Factory output growth slows in June
MANILA, Philippines - Increased production of construction-related and export products enabled the domestic manufacturing sector to sustain growth in June, although at a slower pace than last year, the National Economic and Development Authority (NEDA) said.
Factory output in terms of volume grew 8.1 percent in June, slower than the 9.8 percent growth in June 2016. In terms of value, manufacturing output likewise grew at a slower pace of 5.1 percent in June, down from 9.8 percent in the comparative period last year.
Output growth was driven by increased production of goods for construction (basic metals, fabricated metal products, and non-metallic mineral products), exports (leather products and footwear), food, transport equipment and petroleum products.
In the first six months of 2017, the manufacturing sector grew an average 10 percent, higher than the nine percent average growth last year due to sustained domestic and external demand.
NEDA said growth was backed by increased production of food, basic metals, transport equipment, fabricated metal products, non-metallic mineral products, and export-oriented products.

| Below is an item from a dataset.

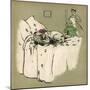 White Puppy Sleeps on a Bed-Cecil Aldin-Mounted Art Print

Socioeconomic Planning Secretary Ernesto Pernia said growth in the manufacturing sector is expected to be sustained in the second semester because of good indicators for consumption.
“Looking ahead, the outlook for the manufacturing sector remains optimistic on the back of favorable domestic conditions such as stable inflation rate, robust economic demand, increased investments and business confidence,” he said.
He cautioned, however, against domestic and internal risks to the sector’s growth which include disturbances to business activities during the rainy season, planned interest rate hikes in the US and inward-looking trade policies of major economies.
To sustain growth, Pernia emphasized the need to expand production capacity and to encourage the entry of new firms to stabilize the prices of goods.
“For this, the government is doing its part in terms of infrastructure investments and streamlining government procedures to reduce the cost of doing business in the Philippines,” he said.